DEV Community

Cover image for I Spent 3 Months Compressing AI Models So You Don't Have To – Here's What I Learned
Patel Darshit
Patel Darshit

Posted on

I Spent 3 Months Compressing AI Models So You Don't Have To – Here's What I Learned

TL;DR: Deployed 100+ AI models to edge devices. Discovered the hard way that manual optimization sucks. Built a tool to automate it. Sharing everything I learned.


The Problem Nobody Talks About

You spend weeks training the perfect computer vision model. 98% accuracy. Beautiful loss curves. Your team is celebrating.

Then someone asks: "Can we run this on a Jetson Nano?"

And suddenly, your 2GB PyTorch masterpiece becomes a 500MB problem.

This was me six months ago. I had a YOLOv8 model that needed to run on edge hardware for a robotics project. The model worked perfectly in the cloud.
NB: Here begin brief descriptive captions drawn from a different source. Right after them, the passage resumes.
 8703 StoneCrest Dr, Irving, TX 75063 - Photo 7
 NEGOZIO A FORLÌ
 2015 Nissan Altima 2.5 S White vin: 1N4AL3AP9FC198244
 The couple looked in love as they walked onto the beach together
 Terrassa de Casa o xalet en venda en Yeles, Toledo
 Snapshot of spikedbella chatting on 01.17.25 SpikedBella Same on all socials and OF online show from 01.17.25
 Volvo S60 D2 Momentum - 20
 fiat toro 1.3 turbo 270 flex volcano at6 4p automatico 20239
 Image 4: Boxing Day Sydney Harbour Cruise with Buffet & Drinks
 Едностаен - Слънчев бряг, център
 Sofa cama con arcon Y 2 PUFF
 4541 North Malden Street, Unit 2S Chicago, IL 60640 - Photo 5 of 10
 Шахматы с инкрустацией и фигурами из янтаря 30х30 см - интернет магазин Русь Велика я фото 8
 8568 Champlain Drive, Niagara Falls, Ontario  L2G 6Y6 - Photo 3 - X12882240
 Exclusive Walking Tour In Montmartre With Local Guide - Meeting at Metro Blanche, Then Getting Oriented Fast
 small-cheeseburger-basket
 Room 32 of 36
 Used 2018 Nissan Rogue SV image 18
On a Jetson Nano? 12 FPS. Unusable.

I needed 30+ FPS for real-time detection.


The Manual Optimization Rabbit Hole

Here's what I tried first (spoiler: it was painful):

Attempt 1: TensorFlow Lite Conversion

import tensorflow as tf

converter = tf.lite.TFLiteConverter.from_saved_model(saved_model_dir)
converter.optimizations = [tf.lite.Optimize.DEFAULT]
tflite_model = converter.convert()

with open('model.tflite', 'wb') as f:
    f.write(tflite_model)
Enter fullscreen mode Exit fullscreen mode

Result: Model size went from 980MB → 780MB. Not enough. Inference time barely improved.

Time wasted: 8 hours fighting compatibility issues between TensorFlow versions.


Attempt 2: Manual INT8 Quantization

converter.target_spec.supported_ops = [tf.lite.OpsSet.TFLITE_BUILTINS_INT8]
converter.inference_input_type = tf.int8
converter.inference_output_type = tf.int8

def representative_dataset():
    for _ in range(100):
        yield [np.random.rand(1, 224, 224, 3).astype(np.float32)]

converter.representative_dataset = representative_dataset
tflite_model = converter.convert()
Enter fullscreen mode Exit fullscreen mode

Result: Model crashed on inference. Accuracy dropped to 73% (from 98%). Completely broken.

Time wasted: Another 12 hours debugging why my calibration dataset wasn't working.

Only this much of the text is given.